PROVIDED MATERIAL section start

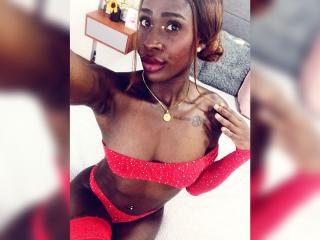 SamaraJackson - Sexe cam en vivo - 20000454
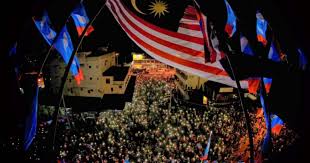 State assembly elections were held in malaysia on 9 may 2018 as part of the general elections. Malaysia S Reformasi Movement Lives Up To Its Name Heinrich Boll Stiftung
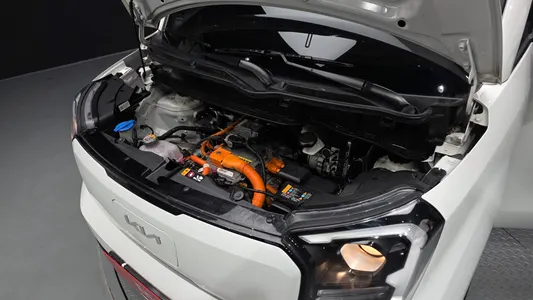 Kia EV 2024 6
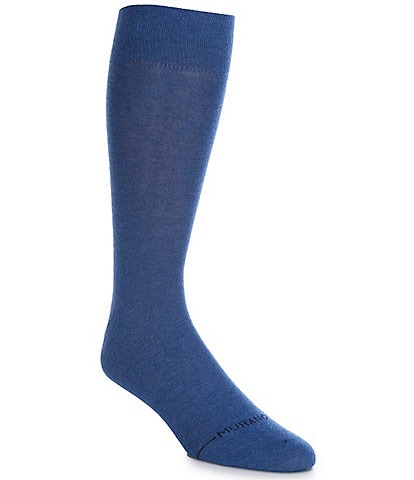 Murano FSH Solid Crew Socks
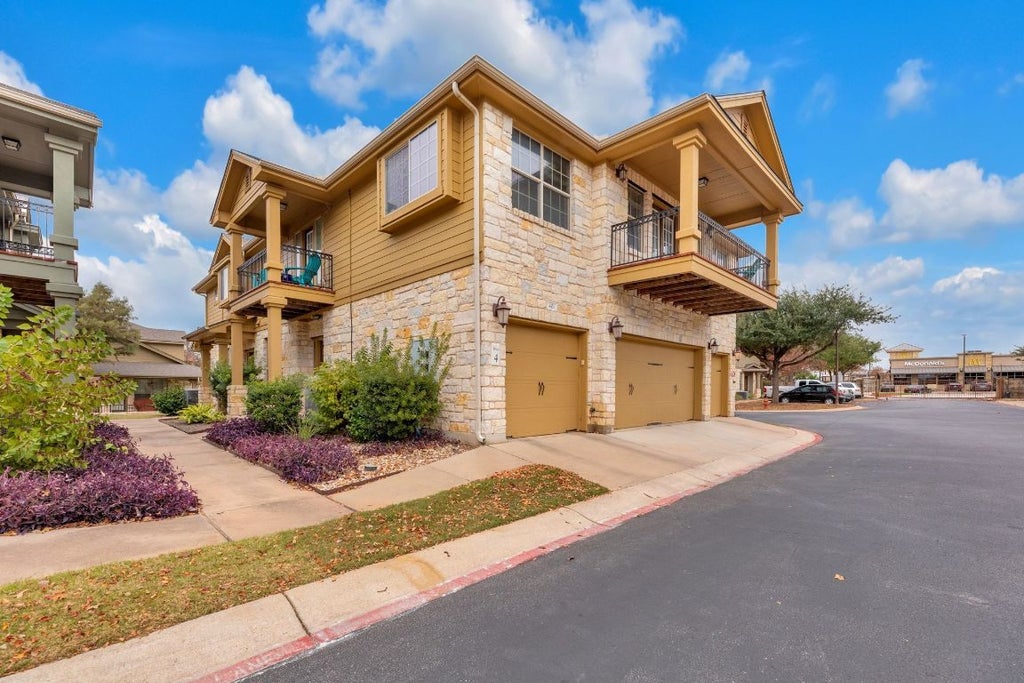 14815 Avery Ranch Boulevard 403/4b, Austin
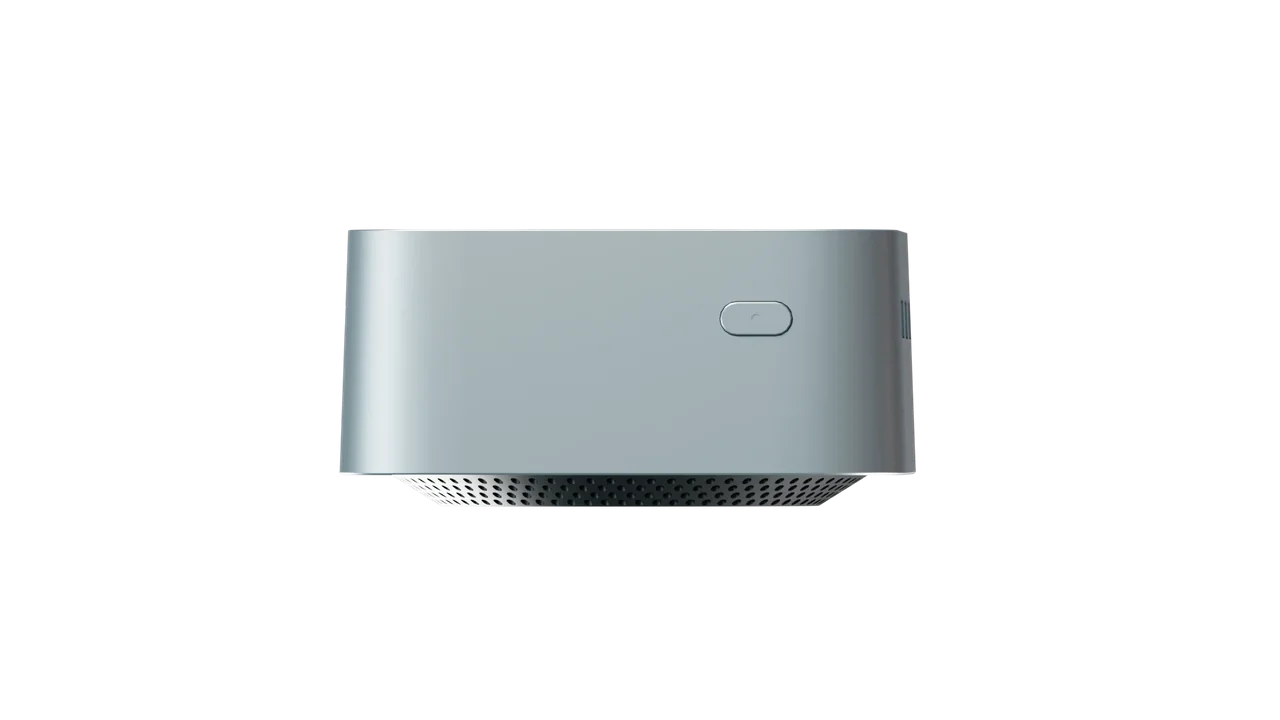 Nx1 front face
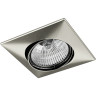 Светильник точечный встраиваемый LIGHTSTAR LEGA 16 011035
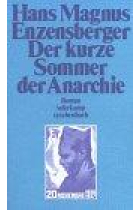 Der Kurze Sommer der Anarchie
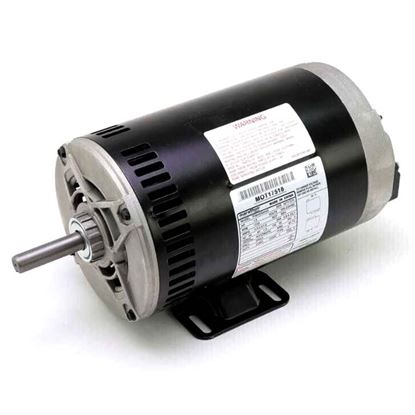 Picture of Trane 1.0Hp,230/460/60/3,1725rpm,mtr Part# MOT17518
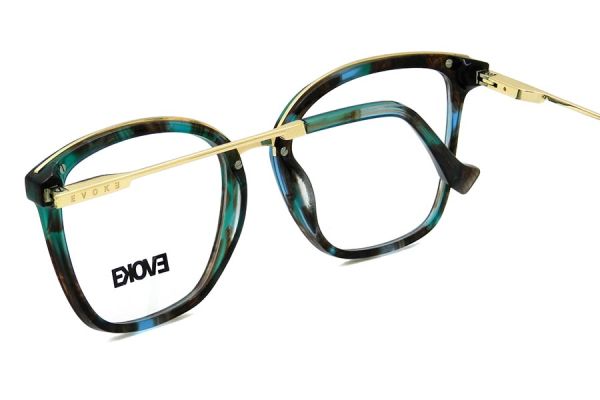 Óculos de grau Evoke EVK RX41 E01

PROVIDED MATERIAL section end

PROBLEM DESCRIPTION » When you copy the records above, keep every word exact and leave out the pictures they contain.

ANSWER TO THE PROBLEM »
 SamaraJackson - Sexe cam en vivo - 20000454
 State assembly elections were held in malaysia on 9 may 2018 as part of the general elections. Malaysia S Reformasi Movement Lives Up To Its Name Heinrich Boll Stiftung
 Kia EV 2024 6
 Murano FSH Solid Crew Socks
 14815 Avery Ranch Boulevard 403/4b, Austin
 Nx1 front face
 Светильник точечный встраиваемый LIGHTSTAR LEGA 16 011035
 Der Kurze Sommer der Anarchie
 Picture of Trane 1.0Hp,230/460/60/3,1725rpm,mtr Part# MOT17518
 Óculos de grau Evoke EVK RX41 E01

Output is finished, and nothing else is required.